The Operations agenda is very small with the only item a progress report on establishing a potable water source for carrier supply and community collection in Ruatoria.
The council has allocated $505,000 from the Government’s three waters reform stimulus grant to provide potable water to the Ruatoria community. A potential location at Whakarua park has been identified by the council’s environmental science staff and discussions have been held with the chair of Whakarua Park, Te Runanganui o Ngati Porou and several community representatives regarding the possibility of leasing land for the bore and filling station. Council has since had possible leasing option discussions with the full Whakarua Park committee and TRONPnui. A basic site design has been drafted to help facilitate community and landowner discussions. Initial work on the cultural impact report has started along with a possible memorandum of understanding with TRONPnui. The project team plans to work together with environmental science staff to ensure there is consistency across multiple projects in the area, with the aim to share drilling costs and to validate the capacity of the bore.
The main components to this project are:
■ Construction of a bore, treatment plant and multiple fill-up points to allow both commercial and domestic access to potable water for cartage to top up rainwater tanks.
■ Siting of a containerised treatment plant with extraction to raw water reservoir storage tanks, filtration and UV treatment processes. This will provide the community with access to compliant, safe drinking water.
■ Construction of a secure facility with treated water reservoir storage tanks for water carrier access and a separate tank for general public access. The facility extraction and treatment processes are to be automated and have telemetry control capability.
■ Development of a publicly accessible terminal for a community collection point and bulk cartage point for local carriers.
■ Confirmation of the amount of groundwater extraction that is possible at the Whakarua site, which will require investigation drilling and drawdown testing.
Access to safe drinking water is a major issue for the Ruatoria community, both in quality and quantity. The existing Racecourse Road spring and the Waiapu River remain the major water sources during summer and both do not meet potable water standards. A condition of the three waters reform funding is that it be spent quickly, by June 2022, so communities can benefit almost immediately from the jobs the money is paying for and improved water services. The provision of potable water will significantly improve the wellbeing of this community.

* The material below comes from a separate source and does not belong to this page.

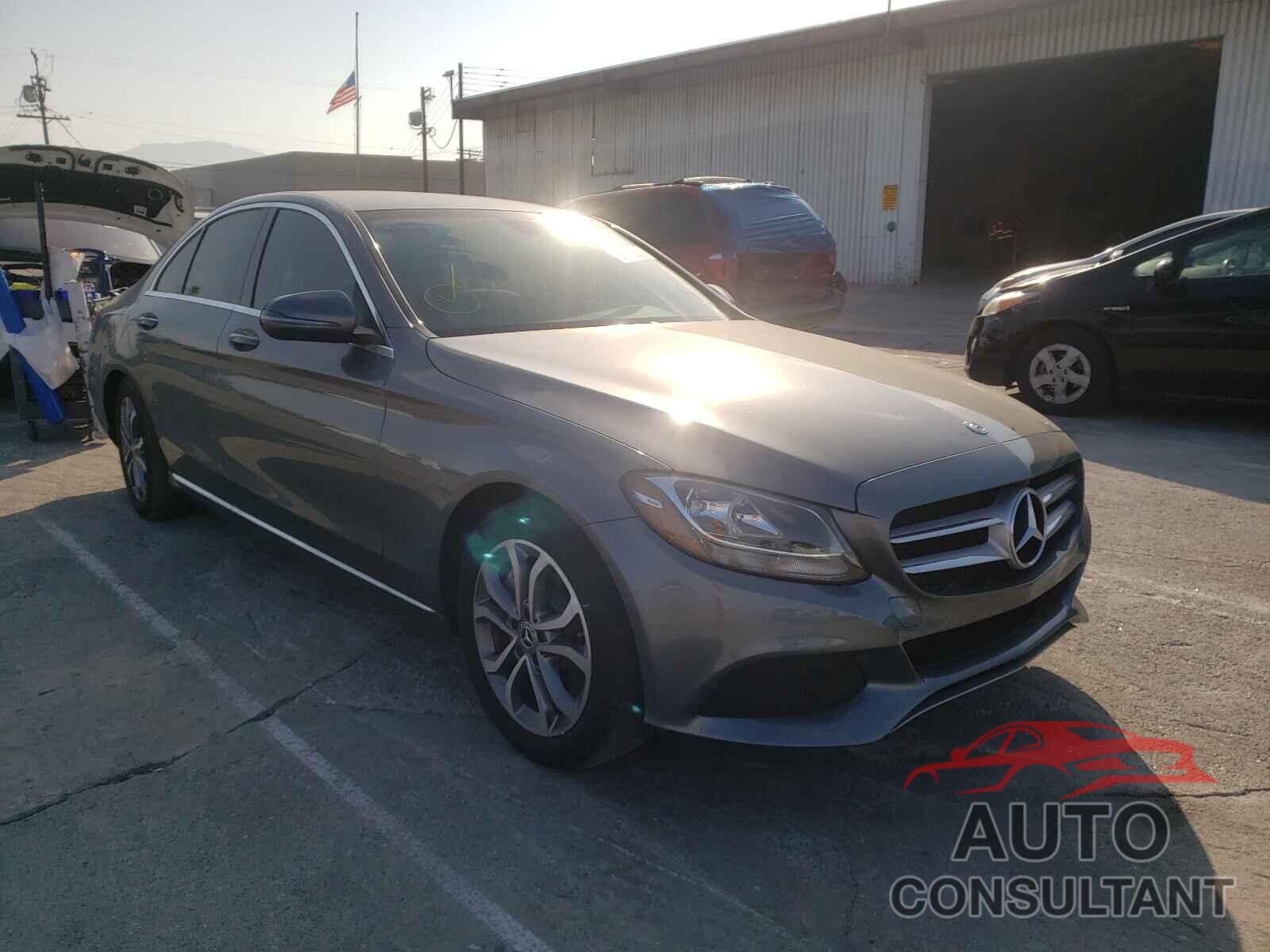 MERCEDES-BENZ C-CLASS 2017 - 55SWF4JB4HU221807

A review of the Dog Control Policy and Bylaw was approved by the Sustainable Tairawhiti committee late last year so we will be workshopping this after the Operations meeting. Staff are seeking councillor feedback on five updates to the policy and bylaw. These are:
Making on-lead the default setting for the urban area, with specified prohibited and off-lead areas; increasing the number of dogs allowed on a premises before a permit is required from one to two; adding assessment criteria to the policy; prohibiting dogs on Kaiti Beach to protect the penguin colony; changes to the currently prohibited off-lead areas.